The benefit of MIMO antenna technique

This post intended to briefly describe the benefit of MIMO antenna technique using in mobile communication system like 4G/LTE and 5G.

1. Radio Channel Access Mode

a. SISO: Single Input Single Output, is the access mode of an important radio channel through the use of a single antenna at the transmitter and a single antenna at the receiver. SISO will serve as a baseline for evaluating the performance improvements that can be achieved when a larger number of antennas are used.

 b. SIMO: Single Input Multiple Output, describes the receive diversity, a method that generally does not depend on the technology being used. The SIMO is appropriate when the signal-to-noise ratio (SNR) is low at the cell edge coverage or due to fading and it will give no any improvement in data rates, except for the improvement of the signal strength in situations where the SNR is low.

 

c. MISO: Multiple Input Single Output, is a transmitting diversity technique and requires only one receiving antenna. It has been used for some time in mobile systems, and like as SIMO, MISO it will not improve any data speeds. MISO can increase the directivity (focusing) of the transmitted signal in one direction so that the coverage could be improved.

 

d. MIMO: Multiple Input Multiple Output. Multiple input or multiple signal IN means multiple transmit antennas to the wireless channel, multiple output or multiple signal OUT means multiple receive antenna from the wireless channel.

2. What is MIMO

In wireless communications, MIMO refers to a wireless channel with multiple inputs and multiple outputs. A wireless communication system utilizing multiple transmit antennas and multiple receive antennas over the wireless channel is often referred to as a MIMO system.

With MIMO, multiple spatially separated users are catered for by the antenna array in the same time and frequency resource. Data is divided into independent MIMO data streams that are transmitted simultaneously.

A x B MIMO refers to the case with A transmit antennas in the base station and B receive antennas in the device. Many current devices and networks utilize 2x2 MIMO where two parallel data streams can be transmitted. Some of the latest devices and networks support 4x4 MIMO (four receive antennas) which doubles the peak rate compared to 2x2MIMO and increases the average rates typically by +50%.

 

3. What can gain from MIMO

MIMO technology could provide spatial multiplexing that can increase the system throughput, beamforming that can direct beam to the user, diversity that can improve the system performance etc.

 

 

 a. Spatial Multiplexing

- Multiplexing gain (also referred to as spatial multiplexing gain) increases the benefit of MIMO far beyond what can be achieved by beamforming.

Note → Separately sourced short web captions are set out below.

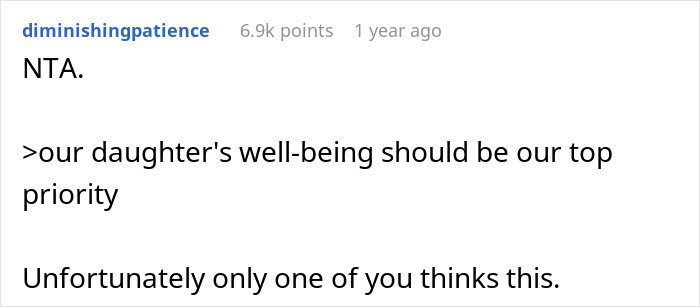 Reddit comment discussing a 10YO feeling unwanted at dad's house, highlighting daughter's well-being as a priority. Reddit comment discussing a 10YO feeling unwanted at dad's house, highlighting daughter's well-being as a priority.
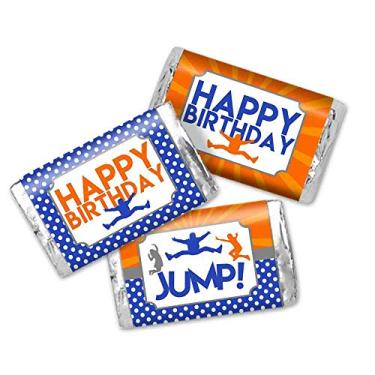 Imagem de Jump Zone Trampoline Park Birthday Party Mini Chocolate Candy Bar Sticker Wrappers for Kids, 45 1.4" x 2.6" Wrap Around Labels by AmandaCreation, Great for Party Favors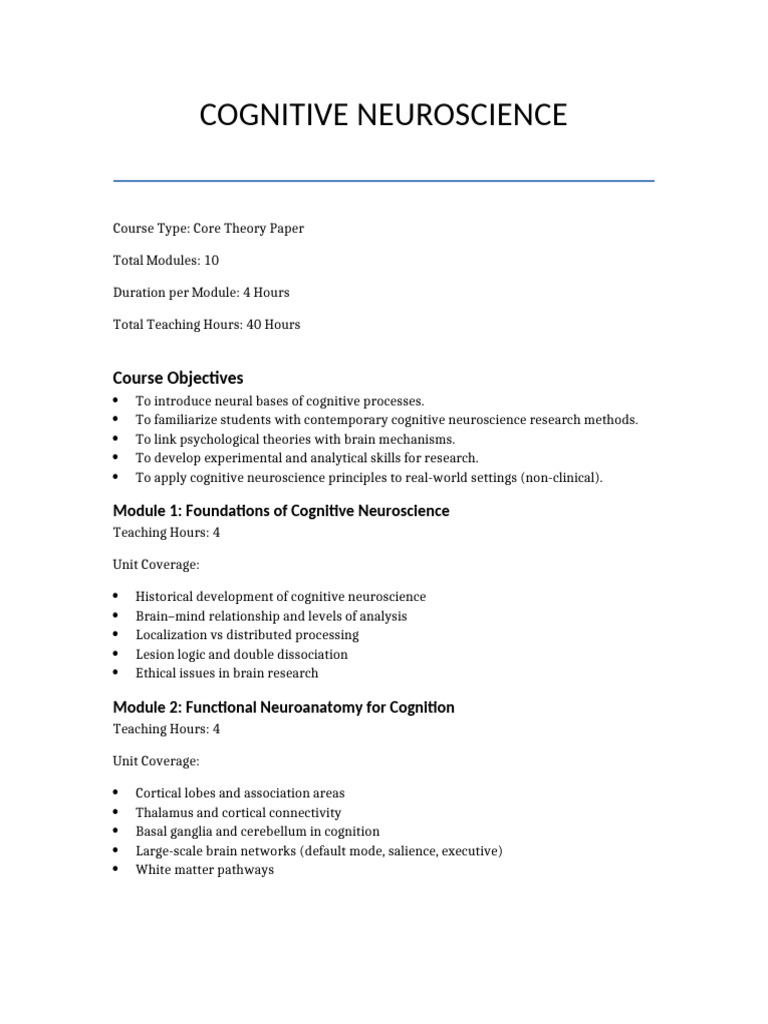 Cognitive Neuroscience Syllabus | PDF | Cognition | Cognitive Neuroscience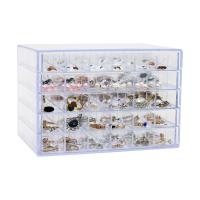 Multifunctional Jewelry Box, Polystyrene, Rectangle, dustproof & transparent, 213x143x142mm, Hole:Approx 3x5mm, Sold By PC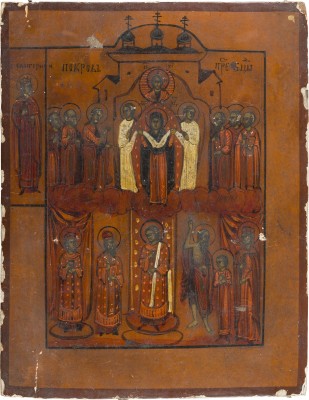 Bild KLEINE IKONE MIT DEM SCHLEIERWUNDER DER GOTTESMUTTER (POKROW)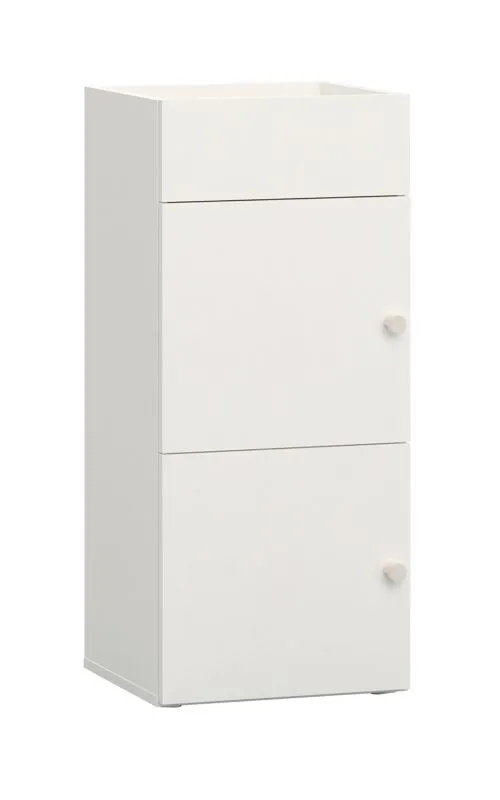 Schmale Kommode "Aenna 123" mit einer Tür und 2 Fächern, Korpus Front und Griffe: Weiß, Maße: 90 x 40 x 34 cm, Ablage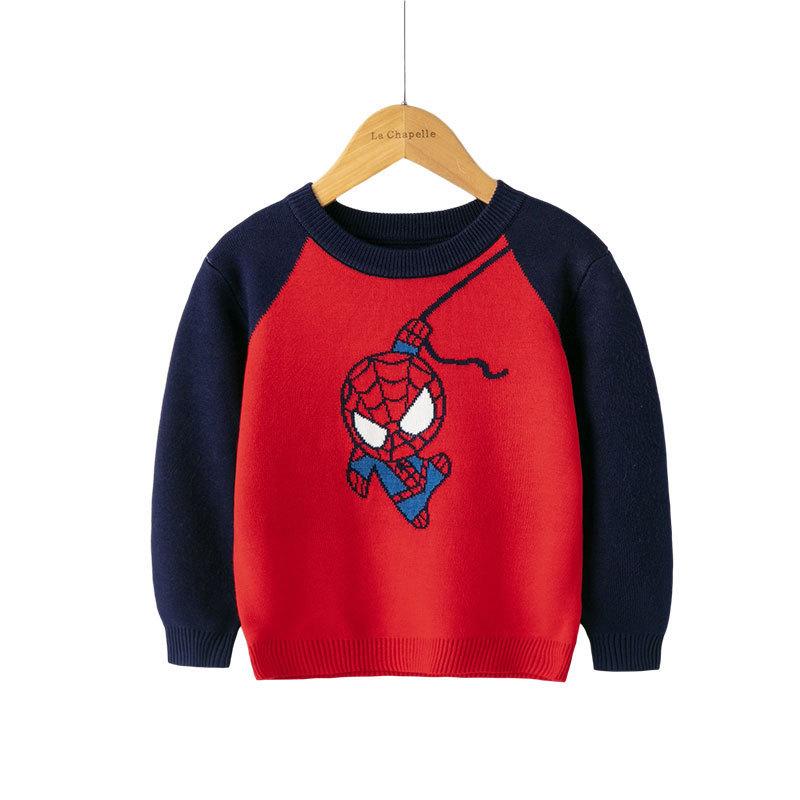 Children's New Autumn/Winter Double-Layer Knitwear Boys' and Girls' Warm Knitted Sweaters Pullover Cartoon-Printed Sweaters Base Layer Sweaters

- The MIMO system maps independent data streams over multiple data pipes to increase throughput. Each data stream is processed with precoding before being sent over all the transmission antennas.

- Multiplexing gain does not require additional spectral bandwidth or power.

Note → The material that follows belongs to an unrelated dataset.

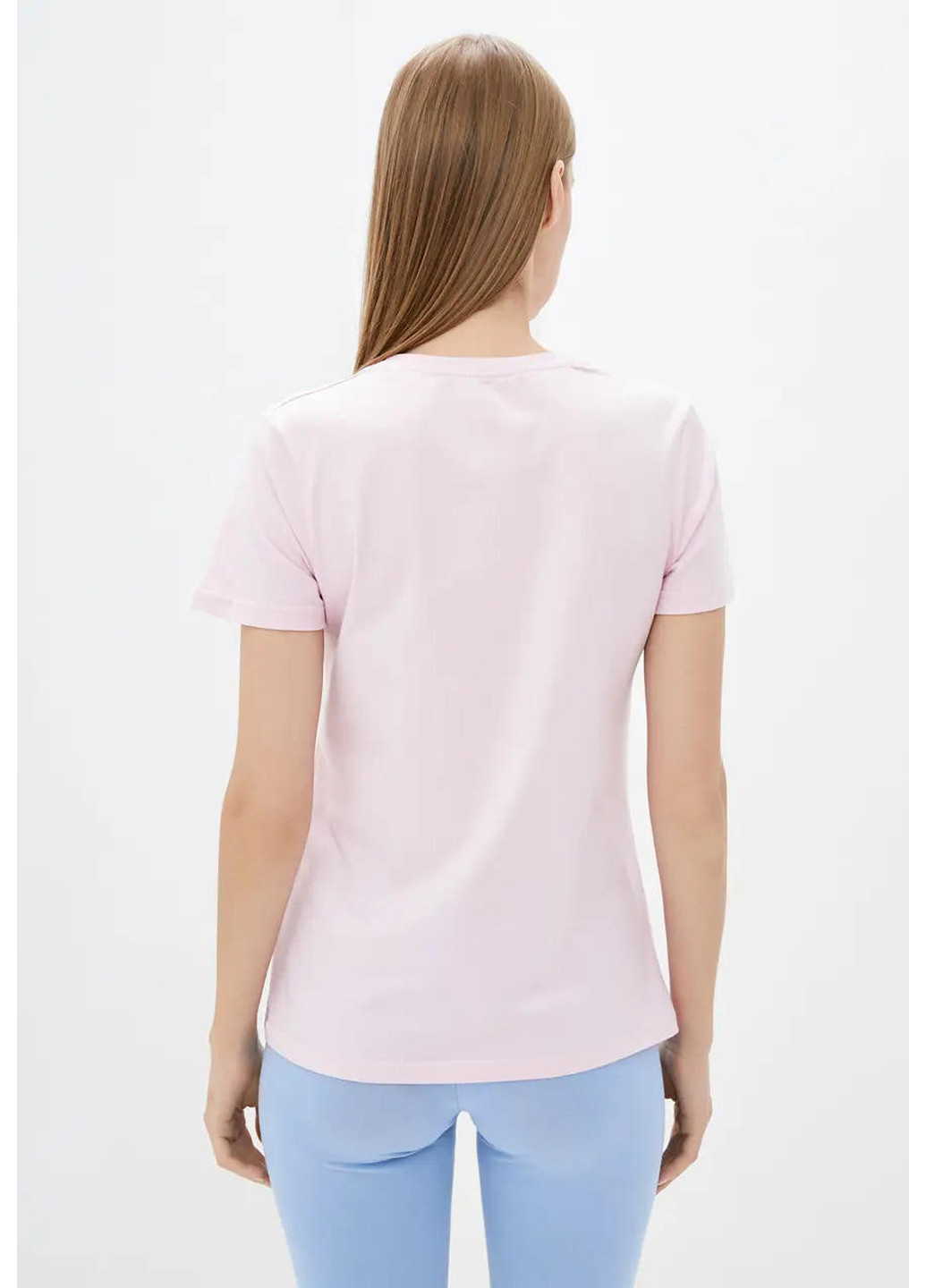 Світло-рожева літня жіноча футболка, стрейч-кулір Sport Line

- With good channel conditions (little interference), it is more efficient to share the transmission power on multiple orthogonal (independent) data pipes. Since multiple data streams are transmitted simultaneously, the total transmission power is shared among multiple data streams. Hence, the total signal-to-noise ratio (SNR) is also shared among multiple data streams, resulting in a lower SNR on each individual data stream. If the total SNR is low, the SNR on each individual stream will be small and the throughput on each data stream will suffer. This indicates that the spatial multiplexing gain for MIMO is mostly achieved at the high SNR region, where good throughput can be achieved on each of the independent data streams.

 

- MU-MIMO is to increase the capacity of a user, while MU-MIMO is to increase the throughput of more than one user.

 

 b. Beamforming

Beamforming is the use of multiple radiating elements to direct a strong beam signal to a specific desired direction by varying of the amplitude and phase that feed those elements (waves that overlapped will create constructive interference to make the signal stronger in one direction, and destructive interference to weaken the signal in the other direction). The greater the number of radiating elements that make up the antenna, the smaller the signal beam will be, and the main beam / main lobe will be more oriented (narrower, more directive). In the same time side lobes are weaken and reducing the interference between each other.

 

 A weak wireless channel has very high interference. In this case, it is better to concentrate all (and finite) transmission power on the strongest pipe so more data can be delivered to the receiver. By doing so, the MIMO system increases the signal SNR (and increases system coverage) compared to a non-MIMO system. This increase of SNR is referred to as the (antenna) array gain.

From the spatial domain point of view, the strongest transmission pipe is selected via transmitter/receiver beamforming. With arrays of antennas at the transmitter and receiver, beamforming allows the MIMO system to increase the average received SNR by focusing signals in the correct direction at the transmitter side and coherently combining received signals at the receiver. To combine signals coherently, the system needs wireless channel knowledge at the transmitter and receiver.